FAA to begin collecting user fees for commercial launches and reentries


WASHINGTON — The Federal Aviation Administration is ready to begin collecting user fees for the first time for commercial launches and reentries, which could generate millions of dollars annually.

In an April 22 notice published in the Federal Register, the FAA’s Office of Commercial Space Transportation, or AST, announced its intent to start assessing user fees for launches and reentries that it licenses.

A provision of last year’s budget reconciliation bill directed the FAA to charge fees based on the mass of the payload. For 2026, that fee is 25 cents per pound of payload, capped at $30,000 per launch or reentry. The fees would fund work on improving integration of launches and reentries into the national airspace system directed by an FAA reauthorization act in 2024.

In its notice, the FAA said it would begin incorporating terms and conditions for collecting the fees in future licenses and experimental permits it issues. Operators with existing licenses will still be liable for the fees, including those incurred for launches since the beginning of the calendar year.

Under existing regulations, companies planning commercial launches and reentries must supply information that includes the weight of the payload at least 60 days before the mission. The FAA will use that information to calculate the fee, issuing a fee notification to the operator, who will then have 30 days to pay the fee. The notice does not discuss what would happen if the operator failed to pay the fee on time.

The individual fee for a launch or reentry would be a small fraction of the overall cost of the mission, but the growth in commercial launch activity could result in significant revenue for AST. There were 199 licensed launches and seven licensed reentries in 2025, according to FAA data.

That launch activity was dominated by SpaceX, and most of its launches were of Starlink satellites. While payload mass data is not publicly disclosed by SpaceX or the FAA, each Starlink launch typically carries 25 to 29 satellites, with a total mass estimated to be between 14,400 and 16,700 kilograms. That would work out to per-launch fees of between about $8,000 and $9,200 per launch, or on the order of $1 million a year from Starlink launches alone.

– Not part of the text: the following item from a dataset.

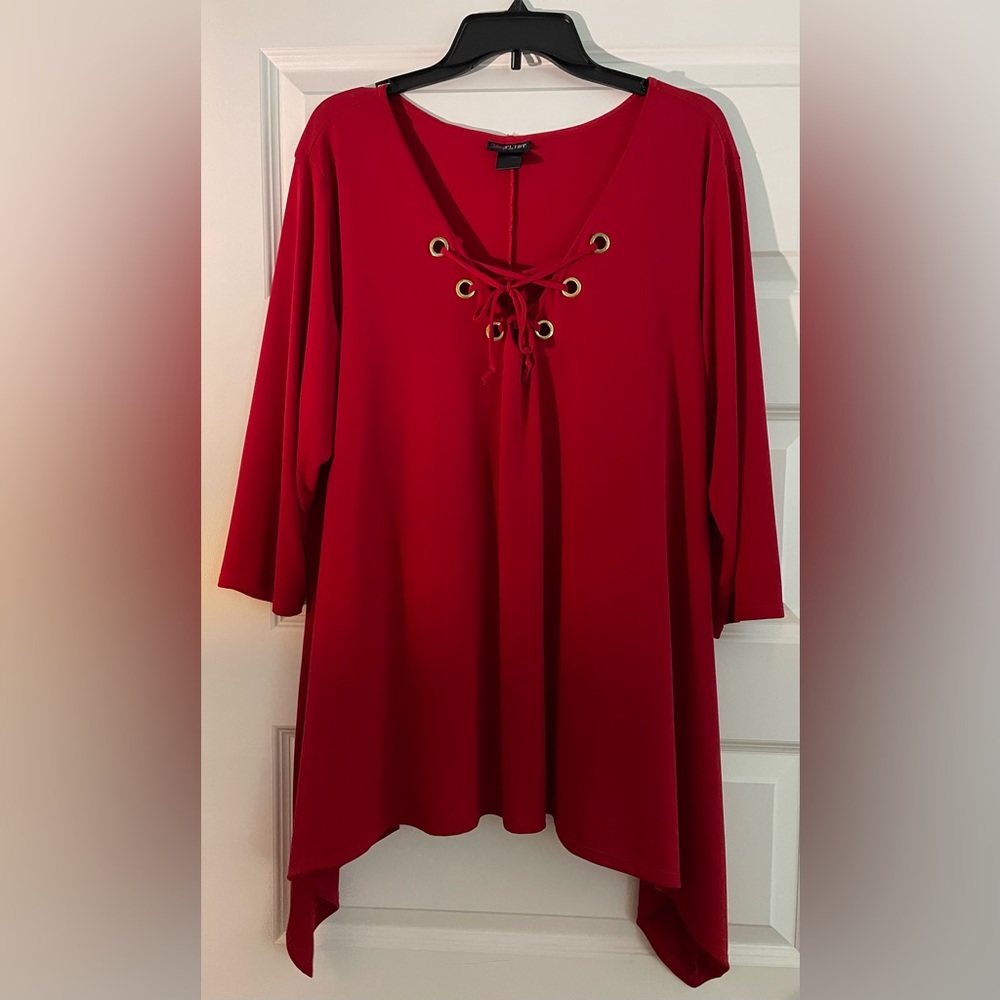 Sexy Red Asymmetrical Tie-Front 3/4 Sleeve Blouse - Size 3X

Those fees will increase over time. The budget reconciliation act escalates the fees annually, reaching $1.50 per pound of payload, capped at $200,000 per mission, by 2033. Growth in fees beyond 2033 would be linked to the Consumer Price Index.

That could result in significant revenue for the office in the future, given projections of growth in both the number of launches as well as the size of payloads, as heavy-lift vehicles like Starship and New Glenn enter regular service.

The new fees come as the FAA proposed a major increase in the budget for AST. The office received $39.646 million in fiscal year 2026, a 5.6% decrease from the $42.019 million it received in 2025 despite growing commercial launch activity.

The FAA’s 2027 budget, released earlier this month, proposes a 43.3% increase for AST, to $56.844 million. Much of that would be used to hire additional staff, going from 136 to 206 positions.

“Since FY 2023, commercial space launch and re-entry demands have surged by 52.7 percent, while AST’s staffing levels have remained unchanged,” the FAA stated in the budget. “To keep pace with demand and support the transition to performance-based licensing, AST requires additional funding.”

The FAA said it would use $10 million of the increase for “highly specialized technical expertise” for license evaluations along with training for personnel and work on automation approaches. The remainder would go toward hiring engineers and analysts for license evaluations.

Minh Nguyen, deputy associate administrator for commercial space transportation at the FAA, did not discuss the budget proposal or user fees in an appearance at the 41st Space Symposium earlier this month. However, he said that his office was working to keep up with growing launch demand.

He noted that, last August, the FAA passed the milestone of 1,000 operations — launches and reentries — licensed by the agency since 1989. “What we’re looking at into the future is, in another three to four years, we’re going to get up to another 1,000 launches and reentries,” he said.

He said that growth was enabled by AST’s “very dedicated and talented workforce” as well as efforts to incorporate automation into the licensing process. “We listen to the industry to hear what the pain points are, and we go back in terms of improving our processes and efficiency within our office,” he said.

Nguyen called on industry to take its own steps to help improve the licensing process by submitting “good and quality” applications that take less time for AST to review. He also said companies should take advantage of elements of the new Part 450 licensing regulations that enable multiple missions to be flown under a single license.

The FAA completed the transition to Part 450 licenses in March, five years after the new regulations took effect. “It was a lot of hard work, a lot of time and dedication being put in to transition operators with legacy licenses to the new Part 450 licenses,” he said. There are now 11 launch licenses and three reentry licenses under Part 450.